# First Time In Spain Carring A Tandem Bike



## Goldwinger (May 10, 2005)

We carry a tandem bike which fits with no side overhang do I need one or two aluminium warning boards or if I fit a lighting board do I need the marker board we are travelling to Spain in a few weeks time all information welcomed. 
Any information with stopovers from the french/spanish border to calpe crossing from near Bayonne would help two traveller's to Spain for the first time. Thank you.


----------



## javea (Jun 8, 2007)

I would think that a chevron marker would be sufficient to keep the Guardia happy.

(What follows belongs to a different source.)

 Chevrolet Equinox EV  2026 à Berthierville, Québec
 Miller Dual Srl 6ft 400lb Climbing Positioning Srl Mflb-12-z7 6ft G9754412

As far as stopovers are concerned:

Near San Sebastian there is Camping Zarautz at Zarautz. Nice site on top of hill overlooking the bay.

Camping Zaragoza in Zaragoza.

If you want to go about 30 miles off route there is a site at Albarracin, a wonderful village surrounded by Arabic fortifications. Near Teruel.


----------



## aldra (Jul 2, 2009)

I always wanted a tandem bike

but Albert doesn't trust me  8O

Post on your travels

Aldra


----------



## inkey-2008 (May 24, 2008)

I err on the side of caution and have a lighting board and the warning sign.

You might be better off cutting down from Bordeaux though Mont-de-Marsan to Pau then up though the Somport tunnel follow signs for Saragosa ( French spelling) follow the E 7 down past Jaca to Huesca then down to Zaragosa. Take the N330 to Daroca then the N234 to Valencia on to Capie. 

There is a campsite berween Jaca and Huesca, take the N260 back towards the mountains near Sabinanigo, follow the road past the Repsol garage about 1/2 mile the campsite is on the left (you must turn right then left as you must turn left across a solid white line)

You should be able to drive to Calpe from there.

Andy


----------



## Goldwinger (May 10, 2005)

Thank you for the fast replies and advice, reading some of the articles on here makes me think Spain is not as friendly as say France and Germany.


----------



## vicdicdoc (May 14, 2005)

Goldwinger said:


> Thank you for the fast replies and advice, reading some of the articles on here makes me think Spain is not as friendly as say France and Germany.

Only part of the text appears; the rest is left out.